Estamos a projetar numa zona circundante, que estava prevista para
outro tipo de intervenção, o aproveitamento de mais espaços para
tentar reduzir a lista de espera", explica Pedro Ribeiro.
O município procurou atender a três vertentes essências. "O facto de
sermos um concelho agrícola e maior parte das pessoas de gerações mais
avançadas terem tido, com alguma regularidade, contacto com o campo
foi um dos motivos pelos quais quisemos permitir o regresso das
pessoas à terra e à agricultura. Por outro lado, o facto de as hortas
serem um complemento aos orçamentos familiares que, ao final do ano,
pode representar uma poupança de centenas de euros acabando por
consumirem alimentos de qualidade superior. Por fim, uma componente de
interação social. Há gente passa o dia inteiro nas hortas, o que para
49m2 parece um abuso, mas estão ali sobretudo pelo convívio",
esclarece Pedro Ribeiro.
Havia pouca convicção no bom resultado deste projeto devido ao facto
de o terreno, ao fundo da Avenida da Liberdade, ter sido durante anos
um depósito de lixos, ser um terreno árido e com eucaliptos que sugam
a água e os nutrientes da terra. Depois de um trabalho de
aproveitamento, que incluiu a desarborização, regularização e
abastecimento de água, nasceram as Bio Hortas e preparam-se agora para
aumentar o espaço de cultivo.
Numa segunda fase do projeto, está a ser pensada a expansão para mais
do dobro dos talhões, ainda sem aprovação nem previsão de datas. A
próxima melhoria efetiva será a colocação de uma casa de banho, um
pequeno telheiro para servir de espaço de refeições e, possivelmente,
um pequeno grelhador.

Jovens querem cultivar a terra
A maior surpresa foi o interesse dos jovens nesta experiência
agrícola. No concelho de Almeirim 58% dos horticultores têm menos de
45 anos e apenas 13, dos 60 inscritos, se encontram reformados ou
desempregados. Os jovens casais que aderiram a esta iniciativa trazem
os seus filhos para cultivar os alimentos que depois consomem em suas
casas.
"É muito interessante ver aqui crianças de três ou quatro anos, e
sentir que estas gerações se estão a aproximar da terra. Alguns pais
dizem que os filhos preferem vir para a horta do que ir para o ATL",
explica Vera Nunes, uma jovem engenheira do ambiente que faz o
acompanhamento das bio hortas.
"Há um convívio enorme e principalmente entre pessoas com mais idade,
que se dispõem a ajudar, e os jovens, que estão recetivos, havendo uma
partilha muito grande de experiências", o que leva a engenheira a
acreditar que a interação e diferença de idades entre os horticultores
são os motivos para o sucesso da iniciativa.

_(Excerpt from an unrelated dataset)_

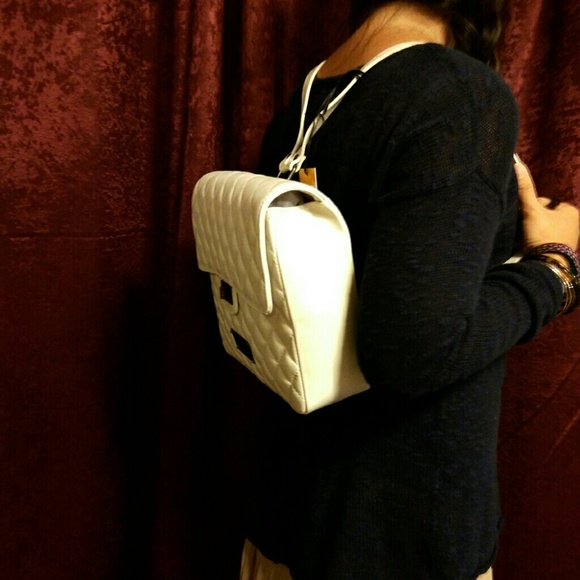 **SOLD**NWT Valentino quilted leather backpack - Picture 4 of 4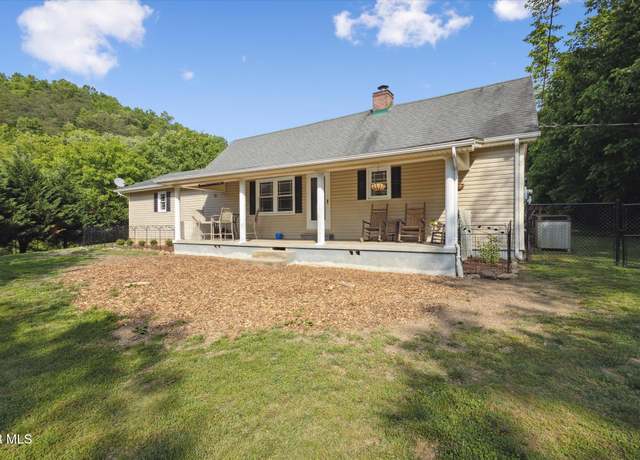 Property at 324 Hayes Rd, Bluff City, TN 37618, 3 beds, 2 baths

As normas neste espaço são simples e a regra-chave é a não utilização
de qualquer tipo de produtos químicos nas colheitas, algo que vai
totalmente contra as práticas biológicas. Para além disso, preza-se a
manutenção e preservação do local e o máximo respeito pelos espaços
alheios e comuns. A revitalização do terreno foi possível devido ao
empenho de todos, a ajuda dos conhecimentos de adubagem e agricultura
biológica, o envolvimento e disponibilidade dos especialistas que têm
acompanhado todas as fases do processo.